I first encountered Fruit in its installation form, in a windowless room in the gray basement of the Logan Center. A copier paper sign taped to the door with quotations from Moses Maimonides and Spinoza seemed to be trying to say something about…the inevitability of…perplexity? I wasn’t sure, and I was late, so I went in. I’d figure it out later. In the semi-dark room was a table with a bowl of apples, stacks of paper and pencils, people sitting around the periphery of the narrow space, mostly on the floor. Some of them were writing uncertainly in the dim light. Someone’s stressed-out dog was anxiously panting and whining. A video projection on what appeared to be a white bedsheet hung towards one end, providing the only illumination in the room. In the projected video a finger traced shapes onto the palm of another hand (the finger’s other hand?), nearly silhouetted against a bright blue sky (the piece appears to be shot from below). The hand appears to be blocking out the sun. After a while it became clear that the finger was tracing letters of the Roman alphabet. That was a…t, and that was….r….now…e….e. Ok, so viewers were trying to transcribe what the finger was tracing.

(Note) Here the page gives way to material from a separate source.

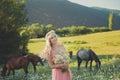 Seductive blond blue eyes lady woman in pinky airy dress on meadow of daisy chamomile holding bouquet of nflowers in hands and pos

With the provided stubby, partially-sharpened pencil and copier paper I did the same, using my leg as a desk. At first it was frustrating: what an irritating exercise. Entering a little late, in mid-stream, I had no idea what I was transcribing—it quickly became clear that the text was composed of syntactically normal English sentences, and in time became vaguely legible as a narrative in the first person. There was a kind of ~antique~ quality to the language, and a folkloric or Biblical abstractness to its objects (“the fruit” “the tree”) combined with what seemed to be a generally confessional mode. An “I” was detailing its troubles in seeking…something. It was like hearing every third word in a glitchy phone call, or listening to a foreign language you partially understand. I knew the contours of what was happening, but there were holes where I missed letters or words. A lot of holes. After a while, I learned the way this particular hand made “f” and “t” and “q” and “d” and so on, and it got somewhat easier. There were flashes of recognition as the mind realized a word had been spelled out (“tree”!). But what became increasingly interesting to me phenomenologically was the state of attention the piece held me in—it was successfully forcing me to sustain my awareness in a mode at once focused and limited. I had to watch very carefully to see each letter and write it down in time. There was no time or bandwidth to have many (or any) other thoughts if I wished to catch the letters and transcribe them; almost not enough time to recognize the words as they formed. I felt myself reduced to a kind of scribe who could barely read.
The piece is long: 60 minutes [Q: the new iteration lasts 75 minutes]. I still don’t entirely know what the text said, and I felt strange and exhausted when it was over. Once I had realized what was happening, I’d decided to submit to the logic of the piece as best I could: many of the most interesting Structuralist works require this (Snow’s Wavelength or Kubelka’s Arnulf Rainer, for instance), and I’ve long appreciated works that offer a participatory structure in time, one that proposes to perhaps change my awareness of my own awareness. Fruit did that. I spent a long time in the gray and flattened uncertainty of dedicated transcription. Like the “I” of the text, I was looking for something, and I didn’t know what. At the end, I wasn’t sure where I was or what had happened to me.